My father will probably take to his grave the firm belief that he did not do enough for me. He shouldn't have had to do anything. But we were poor (the girls who abused me had rich parents, and this was a private school I attended for free), the school hired a lot of awful teachers who taught me about life's inequalities by levying them on me, and in a way I have been recovering since I escaped with a degree in survival and a minor in determination.
Now maybe some of you begin to see why so many of my entries focus on the evil we must not forget.

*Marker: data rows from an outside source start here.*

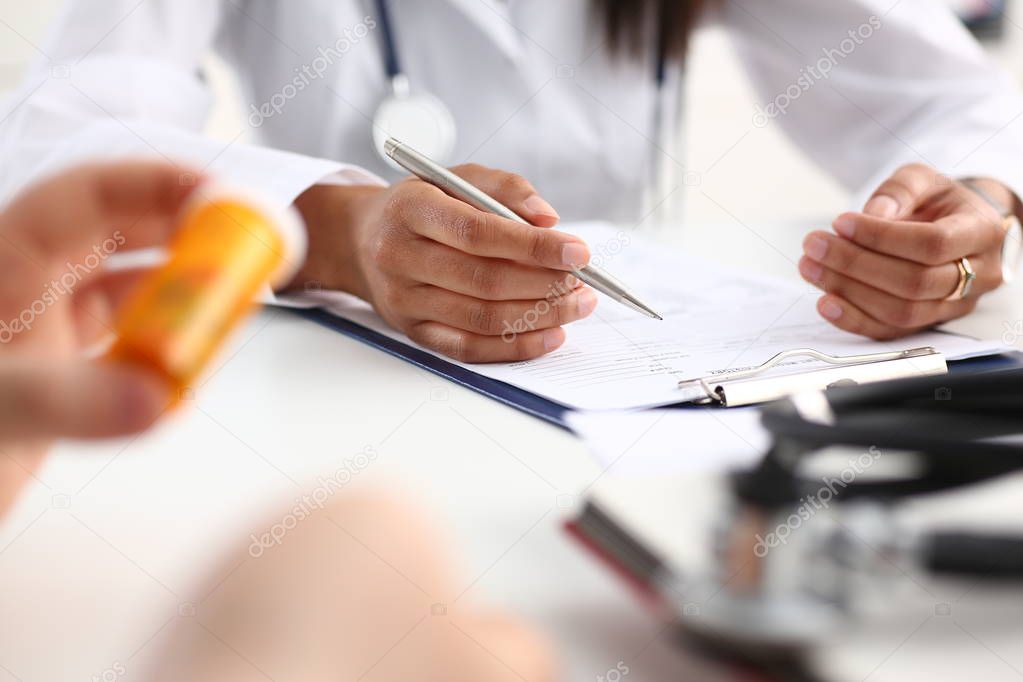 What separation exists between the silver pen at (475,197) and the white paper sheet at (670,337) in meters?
0.04

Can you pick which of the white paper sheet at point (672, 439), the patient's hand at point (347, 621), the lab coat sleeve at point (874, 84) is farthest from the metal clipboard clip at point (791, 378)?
the lab coat sleeve at point (874, 84)

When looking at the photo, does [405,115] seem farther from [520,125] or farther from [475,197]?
[475,197]

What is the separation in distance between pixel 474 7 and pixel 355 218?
39 centimetres

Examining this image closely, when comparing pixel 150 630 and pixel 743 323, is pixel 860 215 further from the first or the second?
pixel 150 630

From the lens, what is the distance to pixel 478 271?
1.68 ft

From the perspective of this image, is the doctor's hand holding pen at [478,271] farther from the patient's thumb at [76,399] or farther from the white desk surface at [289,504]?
the patient's thumb at [76,399]

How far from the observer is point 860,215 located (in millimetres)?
582

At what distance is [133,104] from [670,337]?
1.80ft

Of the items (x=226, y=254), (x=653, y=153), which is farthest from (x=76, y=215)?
(x=653, y=153)

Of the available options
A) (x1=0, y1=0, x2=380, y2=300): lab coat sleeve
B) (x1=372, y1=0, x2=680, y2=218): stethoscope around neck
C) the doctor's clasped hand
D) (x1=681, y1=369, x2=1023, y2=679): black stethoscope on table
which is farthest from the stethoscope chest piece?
(x1=681, y1=369, x2=1023, y2=679): black stethoscope on table

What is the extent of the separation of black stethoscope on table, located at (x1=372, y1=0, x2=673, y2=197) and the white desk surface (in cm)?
36

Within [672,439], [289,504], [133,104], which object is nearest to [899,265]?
[672,439]

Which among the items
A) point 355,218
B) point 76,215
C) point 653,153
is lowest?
point 653,153

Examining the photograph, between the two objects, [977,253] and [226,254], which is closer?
[226,254]
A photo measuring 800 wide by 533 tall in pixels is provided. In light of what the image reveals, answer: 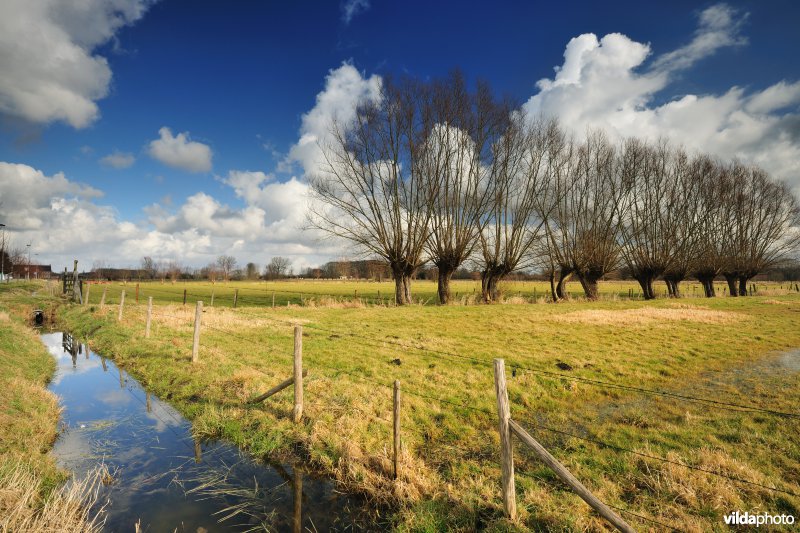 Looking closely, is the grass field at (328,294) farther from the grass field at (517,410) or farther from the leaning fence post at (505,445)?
the leaning fence post at (505,445)

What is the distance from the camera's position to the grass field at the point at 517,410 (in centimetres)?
513

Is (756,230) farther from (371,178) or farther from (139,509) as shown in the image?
(139,509)

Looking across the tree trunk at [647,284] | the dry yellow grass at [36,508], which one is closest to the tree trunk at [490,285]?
the tree trunk at [647,284]

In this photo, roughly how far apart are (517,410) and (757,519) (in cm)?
466

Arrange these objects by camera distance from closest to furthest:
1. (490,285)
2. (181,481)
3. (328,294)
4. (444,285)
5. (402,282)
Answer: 1. (181,481)
2. (402,282)
3. (444,285)
4. (490,285)
5. (328,294)

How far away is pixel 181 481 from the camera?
6.44 m

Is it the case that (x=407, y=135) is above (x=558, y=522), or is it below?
above

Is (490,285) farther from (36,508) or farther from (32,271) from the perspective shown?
(32,271)

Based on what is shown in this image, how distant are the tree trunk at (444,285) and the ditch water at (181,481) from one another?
74.6 ft

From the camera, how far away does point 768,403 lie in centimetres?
898

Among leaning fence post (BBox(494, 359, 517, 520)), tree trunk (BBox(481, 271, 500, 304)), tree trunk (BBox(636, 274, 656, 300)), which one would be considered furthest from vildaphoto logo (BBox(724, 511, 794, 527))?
tree trunk (BBox(636, 274, 656, 300))

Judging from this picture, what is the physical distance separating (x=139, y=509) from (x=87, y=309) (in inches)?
1078

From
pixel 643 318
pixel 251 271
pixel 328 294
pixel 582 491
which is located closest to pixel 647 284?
pixel 643 318

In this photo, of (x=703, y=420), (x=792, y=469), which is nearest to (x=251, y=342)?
(x=703, y=420) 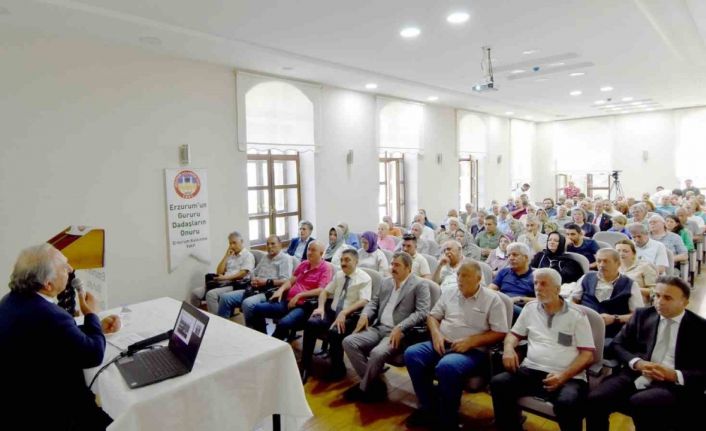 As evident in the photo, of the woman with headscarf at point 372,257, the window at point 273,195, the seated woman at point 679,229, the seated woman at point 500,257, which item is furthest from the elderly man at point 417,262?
the seated woman at point 679,229

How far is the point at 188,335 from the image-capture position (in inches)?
Answer: 87.5

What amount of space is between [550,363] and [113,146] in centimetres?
495

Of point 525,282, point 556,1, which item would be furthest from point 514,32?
point 525,282

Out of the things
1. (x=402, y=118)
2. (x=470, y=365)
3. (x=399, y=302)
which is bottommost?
(x=470, y=365)

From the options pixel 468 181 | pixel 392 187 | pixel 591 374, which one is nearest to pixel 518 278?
pixel 591 374

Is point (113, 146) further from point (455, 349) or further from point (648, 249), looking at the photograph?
point (648, 249)

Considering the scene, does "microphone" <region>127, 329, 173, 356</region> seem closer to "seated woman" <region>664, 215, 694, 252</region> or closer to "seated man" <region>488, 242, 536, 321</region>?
"seated man" <region>488, 242, 536, 321</region>

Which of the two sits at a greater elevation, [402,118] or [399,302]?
[402,118]

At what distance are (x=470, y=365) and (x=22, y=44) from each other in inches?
202

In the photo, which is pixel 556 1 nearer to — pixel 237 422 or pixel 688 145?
pixel 237 422

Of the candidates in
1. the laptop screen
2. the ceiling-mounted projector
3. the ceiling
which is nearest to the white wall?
the ceiling

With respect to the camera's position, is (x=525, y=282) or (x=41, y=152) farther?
(x=41, y=152)

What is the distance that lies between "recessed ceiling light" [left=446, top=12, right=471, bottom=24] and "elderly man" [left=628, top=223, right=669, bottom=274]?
9.23 ft

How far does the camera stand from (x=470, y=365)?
115 inches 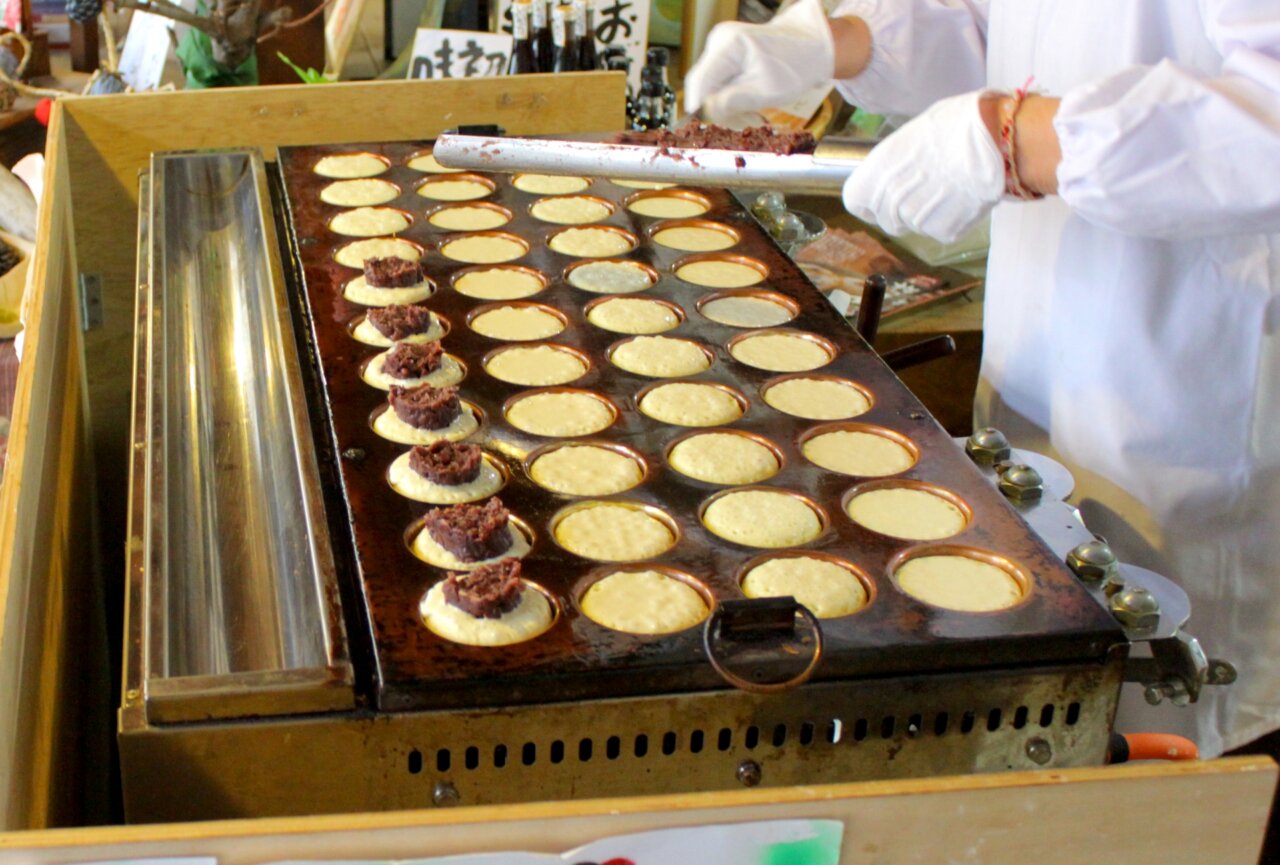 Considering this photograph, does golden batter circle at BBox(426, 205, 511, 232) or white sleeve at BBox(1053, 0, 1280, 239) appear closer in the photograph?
white sleeve at BBox(1053, 0, 1280, 239)

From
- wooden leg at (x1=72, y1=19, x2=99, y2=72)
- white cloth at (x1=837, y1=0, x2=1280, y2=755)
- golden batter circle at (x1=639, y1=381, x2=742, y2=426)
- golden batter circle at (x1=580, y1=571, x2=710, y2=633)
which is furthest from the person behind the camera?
wooden leg at (x1=72, y1=19, x2=99, y2=72)

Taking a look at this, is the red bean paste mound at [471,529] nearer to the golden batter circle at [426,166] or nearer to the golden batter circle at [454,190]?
the golden batter circle at [454,190]

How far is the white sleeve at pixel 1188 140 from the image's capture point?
172 cm

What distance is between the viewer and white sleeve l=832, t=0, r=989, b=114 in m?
2.76

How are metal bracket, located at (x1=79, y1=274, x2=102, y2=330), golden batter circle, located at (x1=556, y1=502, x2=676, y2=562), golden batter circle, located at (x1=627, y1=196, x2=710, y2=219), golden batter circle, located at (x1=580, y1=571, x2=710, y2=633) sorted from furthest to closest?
1. metal bracket, located at (x1=79, y1=274, x2=102, y2=330)
2. golden batter circle, located at (x1=627, y1=196, x2=710, y2=219)
3. golden batter circle, located at (x1=556, y1=502, x2=676, y2=562)
4. golden batter circle, located at (x1=580, y1=571, x2=710, y2=633)

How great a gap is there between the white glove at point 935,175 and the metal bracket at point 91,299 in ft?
7.17

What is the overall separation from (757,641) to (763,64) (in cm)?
167

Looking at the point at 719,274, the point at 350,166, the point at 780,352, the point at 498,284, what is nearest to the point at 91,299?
the point at 350,166

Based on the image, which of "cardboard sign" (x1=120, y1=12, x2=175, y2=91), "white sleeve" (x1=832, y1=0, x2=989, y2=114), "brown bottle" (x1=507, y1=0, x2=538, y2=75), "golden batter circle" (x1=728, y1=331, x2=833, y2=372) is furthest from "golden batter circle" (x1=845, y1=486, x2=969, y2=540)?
"cardboard sign" (x1=120, y1=12, x2=175, y2=91)

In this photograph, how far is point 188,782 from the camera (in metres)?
1.32

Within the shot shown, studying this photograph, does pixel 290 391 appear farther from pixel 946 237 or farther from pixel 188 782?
pixel 946 237

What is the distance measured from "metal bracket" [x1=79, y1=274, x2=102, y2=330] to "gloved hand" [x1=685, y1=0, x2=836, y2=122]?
1723mm

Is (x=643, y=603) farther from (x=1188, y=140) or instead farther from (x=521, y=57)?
(x=521, y=57)

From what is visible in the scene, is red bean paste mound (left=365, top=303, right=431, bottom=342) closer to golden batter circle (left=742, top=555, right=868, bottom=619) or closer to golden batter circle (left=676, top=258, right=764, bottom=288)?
golden batter circle (left=676, top=258, right=764, bottom=288) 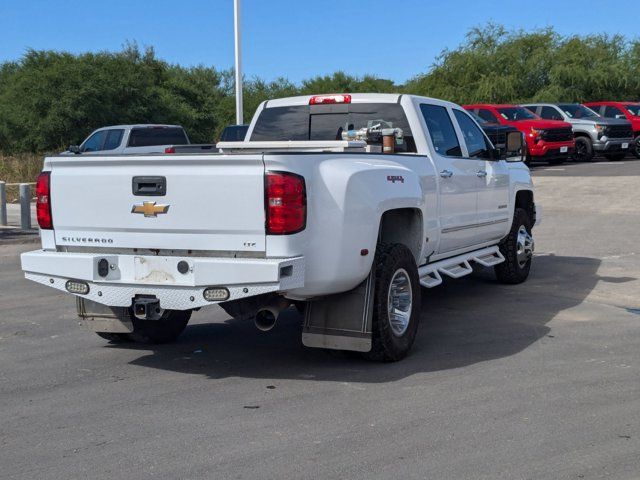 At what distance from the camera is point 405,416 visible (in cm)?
556

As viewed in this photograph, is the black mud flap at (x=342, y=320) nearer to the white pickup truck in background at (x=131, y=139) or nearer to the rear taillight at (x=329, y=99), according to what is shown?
the rear taillight at (x=329, y=99)

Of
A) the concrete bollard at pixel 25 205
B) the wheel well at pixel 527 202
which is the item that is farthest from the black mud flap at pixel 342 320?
the concrete bollard at pixel 25 205

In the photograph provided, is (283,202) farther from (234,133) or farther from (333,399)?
(234,133)

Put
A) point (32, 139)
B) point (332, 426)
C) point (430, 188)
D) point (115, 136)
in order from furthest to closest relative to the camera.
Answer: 1. point (32, 139)
2. point (115, 136)
3. point (430, 188)
4. point (332, 426)

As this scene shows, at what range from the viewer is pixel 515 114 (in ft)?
95.9

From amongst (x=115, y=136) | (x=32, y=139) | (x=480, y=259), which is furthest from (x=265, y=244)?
(x=32, y=139)

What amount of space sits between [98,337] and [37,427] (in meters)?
2.49

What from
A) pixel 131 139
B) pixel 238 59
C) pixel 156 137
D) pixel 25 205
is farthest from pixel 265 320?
pixel 238 59

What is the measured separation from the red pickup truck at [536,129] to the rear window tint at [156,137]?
29.5 ft

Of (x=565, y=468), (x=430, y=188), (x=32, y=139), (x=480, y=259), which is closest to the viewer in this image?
(x=565, y=468)

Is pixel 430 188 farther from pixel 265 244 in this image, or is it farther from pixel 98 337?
pixel 98 337

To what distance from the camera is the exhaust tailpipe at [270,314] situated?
20.5 ft

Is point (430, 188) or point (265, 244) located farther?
point (430, 188)

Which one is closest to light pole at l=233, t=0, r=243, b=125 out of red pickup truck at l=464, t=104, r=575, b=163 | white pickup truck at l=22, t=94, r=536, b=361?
red pickup truck at l=464, t=104, r=575, b=163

I leave you now with more reading material, more evidence that Brown was the highest peak in a mountain range of civil rights litigation, and a poignant geography lesson. The reading material is this: two contemporary newspaper articles on Brown v. Board. This quotation should maintain, despite the articles' neutrality, any fears of swift and deliberate cooperation with the court's opinion:
Both on the night the action was introduced and Wednesday night, representatives of the National Association for the Advancement of Colored People made please for immediate abolition of the Step IV option clause which permits some students to attend pre-integration schools, and for teacher integration.
They left the meeting Wednesday feeling their pleas again had failed. The board passed Step IV with no discussion.
Step IV was the plan for complete desegregation. The black members of the community opposed it because it was slated to take place over the next five years — ending 10 years after the lawsuit was first brought.
Here is the mountain range, and here is your sherpa. And here is a mountain range you didn't know about. And there's probably one behind that one, and another behind it.
The poignant and bitter fact is that one of the schools involved in Brown v. Board is 32 miles from where General Lee surrendered.